● **What to do**: Everything from the first line of the data below through the line that contains "[⭐Glow]LOVE EARRINGS SILVER 10MM" should be written out exactly, please, and nothing more; the pictures stay out.

● **Data shown**:
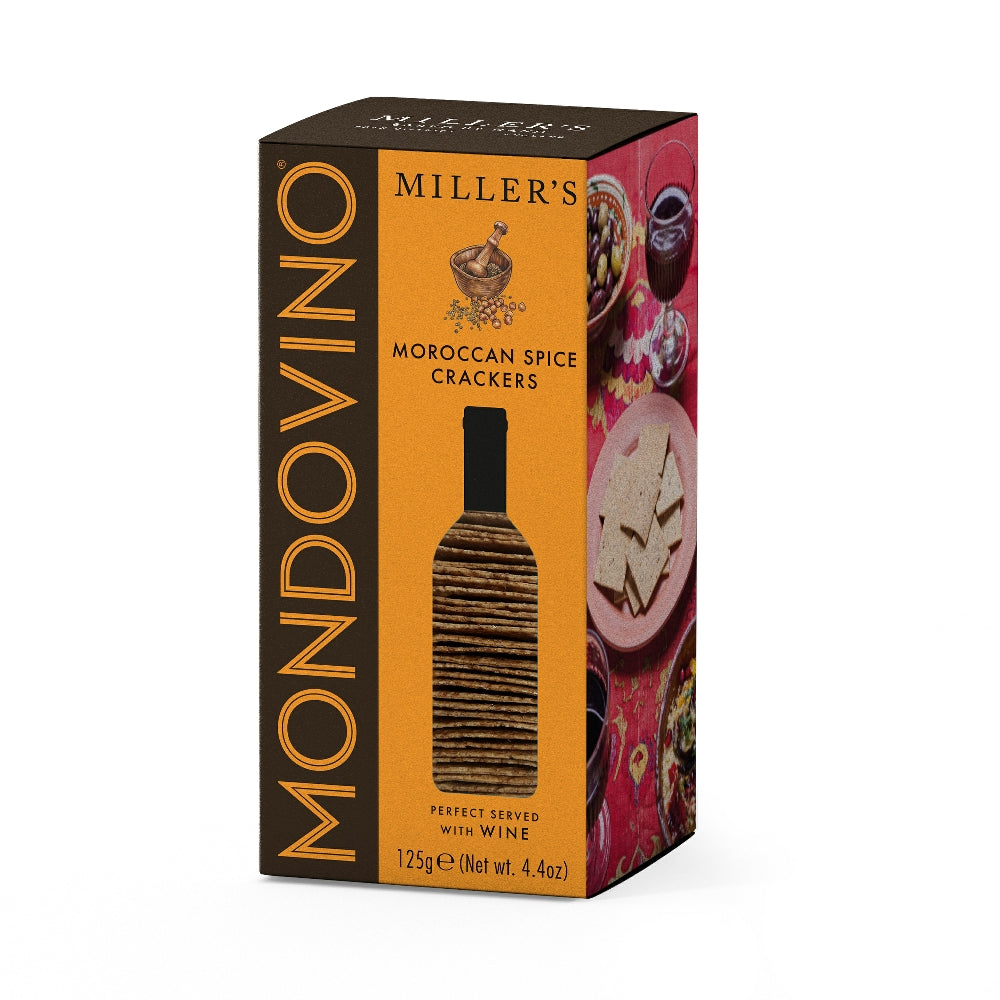 Artisan Biscuits Miller's Mondovino Moroccan Spice Crackers (125g)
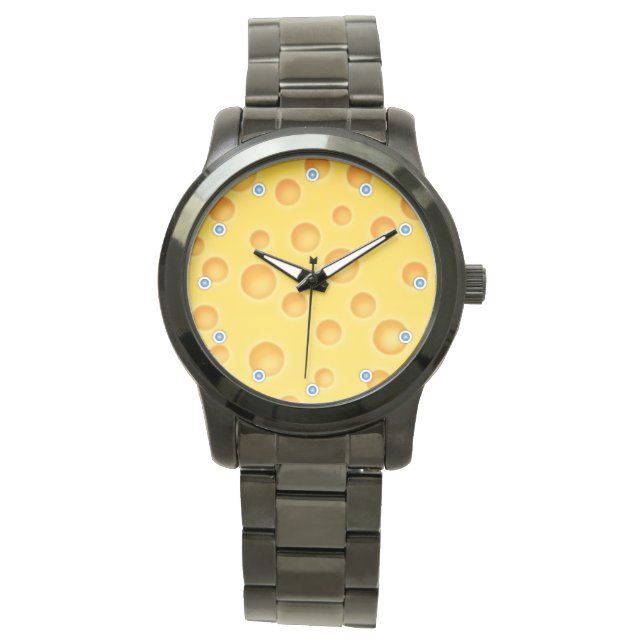Swiss Cheese Cheezy Texture Pattern Watch (Front)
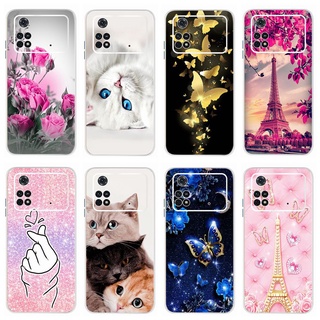 Xiaomi POCO M4 Pro 4G 2020 Capa De Silicone Flexível Em TPU Para Gato (4G)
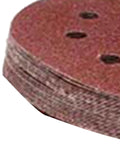 Ycauty 5 Inch Sanding Discs Pack Features 75 High Efficiency Aluminum Oxide Sheets With Five Pro Grits From 120 To 1000 stacked for sanding wood and auto body.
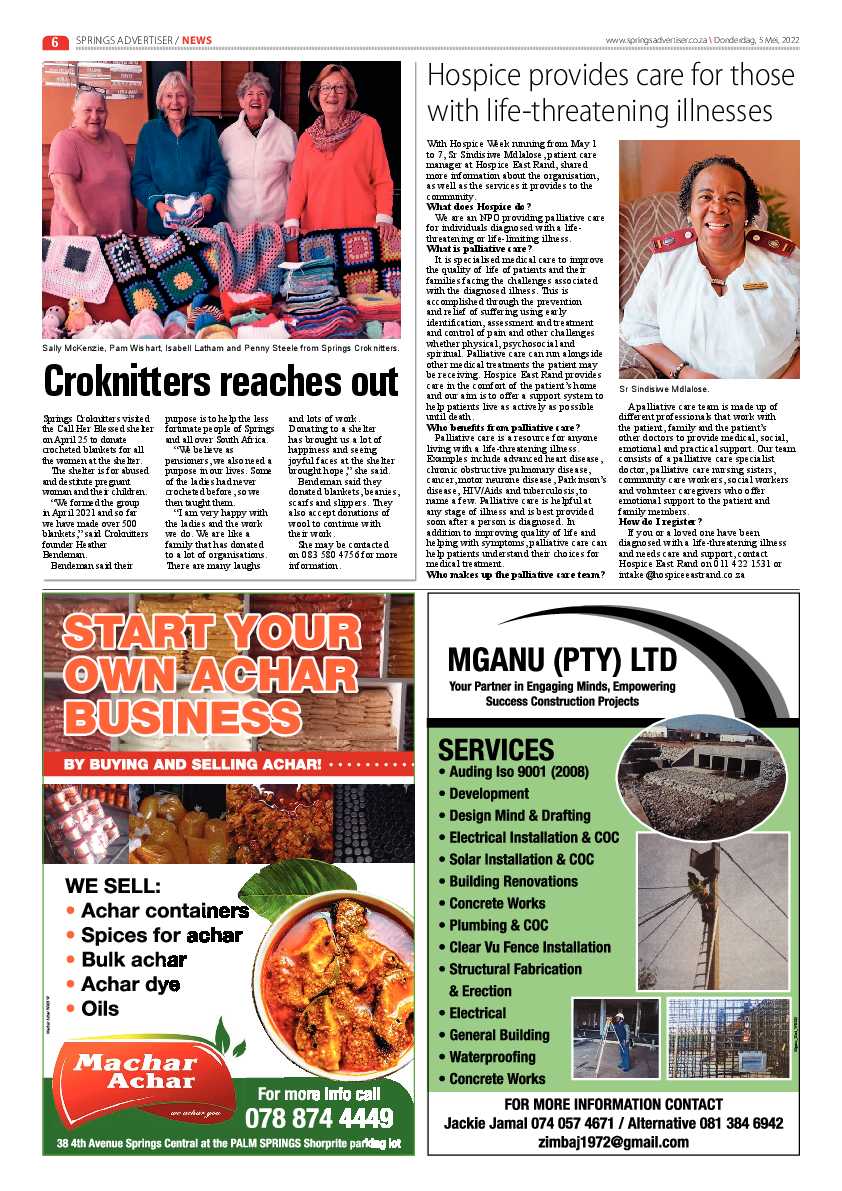 Springs Advertiser 5 May 2022 page 6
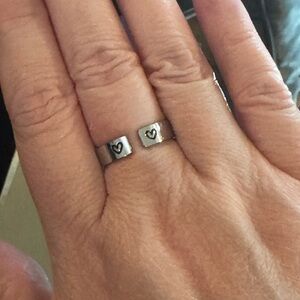 You Are Enough Stainless Steel Adjustable Ring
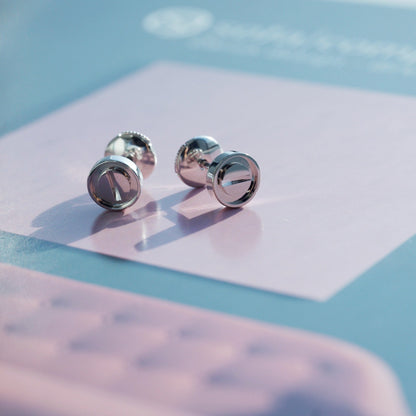 [⭐Glow]LOVE EARRINGS SILVER 10MM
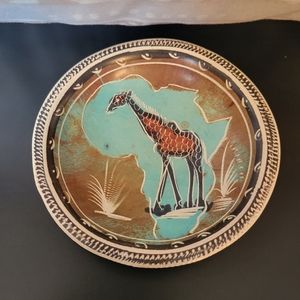 African Giraffe Jewelry Trinket Dish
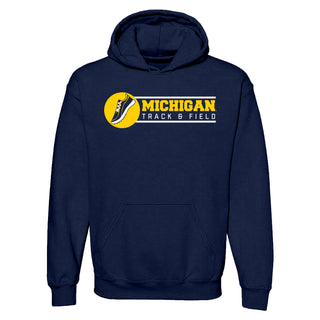 Michigan Track & Field Spotlight Hoodie - Navy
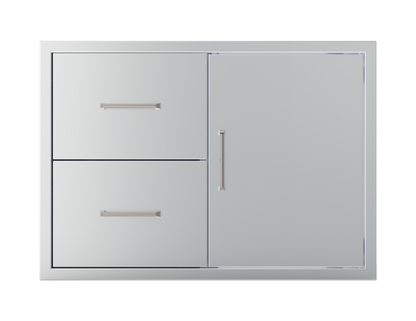 Wildfire 30-inch x 21-inch door/drawer combo in stainless steel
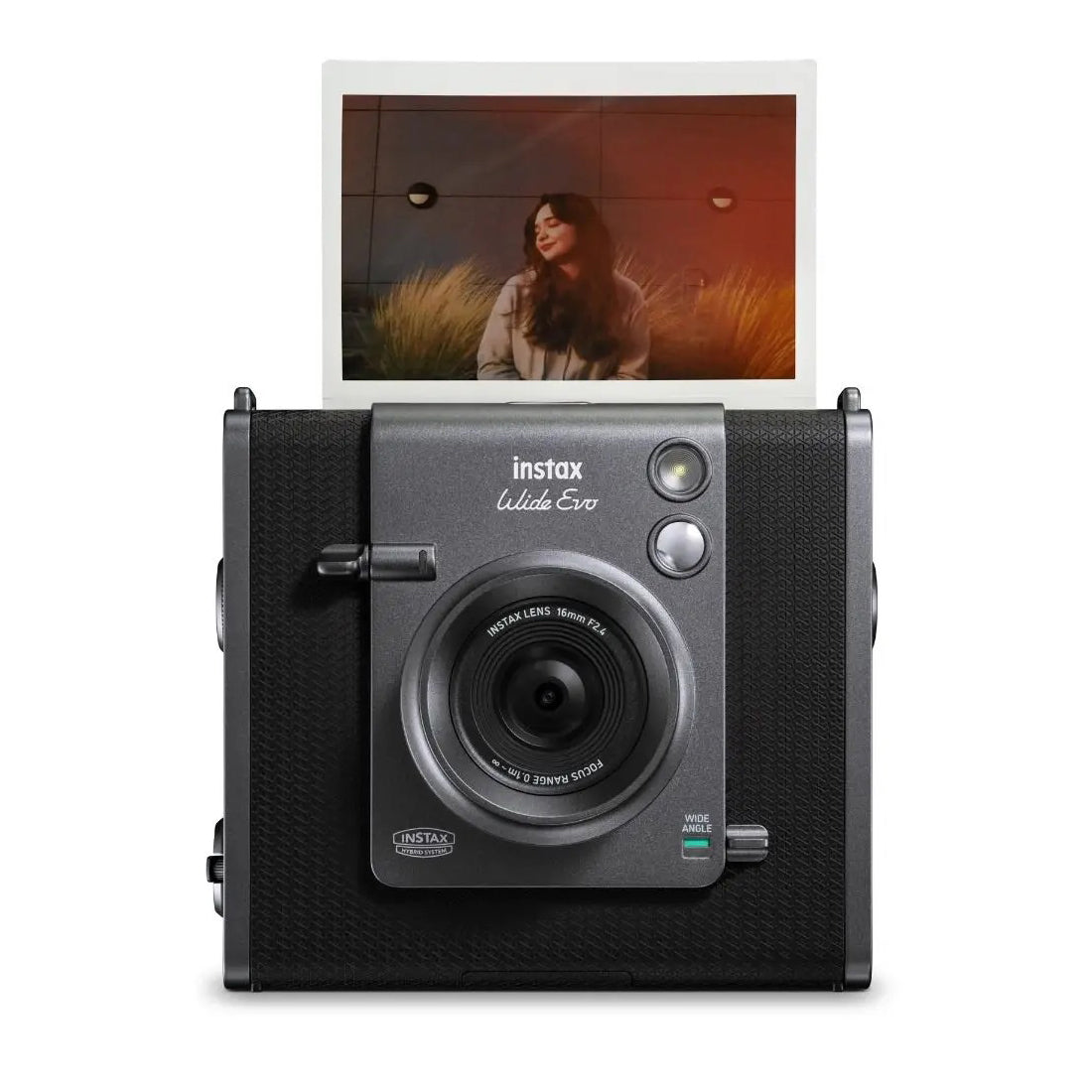 Fujifilm Instax Wide Evo Hybrid Instant Camera - Black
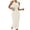 Khaki, variant on HBBIKVI Ribbed Bodycon Midi Dress for Women Summer Sleeveless Halter Dress with Stretchy Knit Fabric and Flattering Fit for Daily Comfort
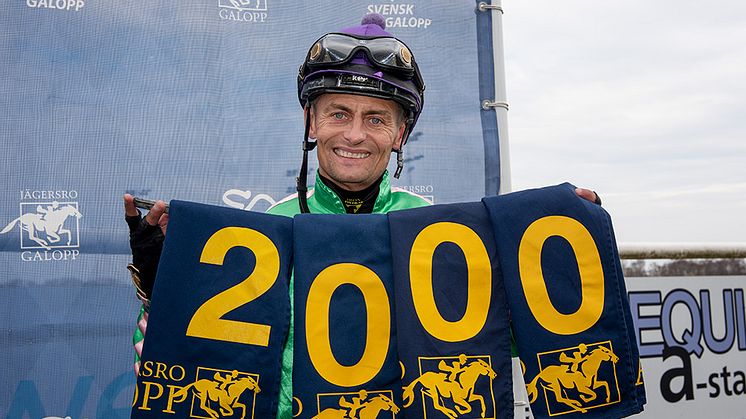 Per-Anders Gråberg tog seger nummer 2000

● **Task response**:
 Artisan Biscuits Miller's Mondovino Moroccan Spice Crackers (125g)
Swiss Cheese Cheezy Texture Pattern Watch (Front)
 Xiaomi POCO M4 Pro 4G 2020 Capa De Silicone Flexível Em TPU Para Gato (4G)
 Ycauty 5 Inch Sanding Discs Pack Features 75 High Efficiency Aluminum Oxide Sheets With Five Pro Grits From 120 To 1000 stacked for sanding wood and auto body.
 Springs Advertiser 5 May 2022 page 6
 You Are Enough Stainless Steel Adjustable Ring
 [⭐Glow]LOVE EARRINGS SILVER 10MM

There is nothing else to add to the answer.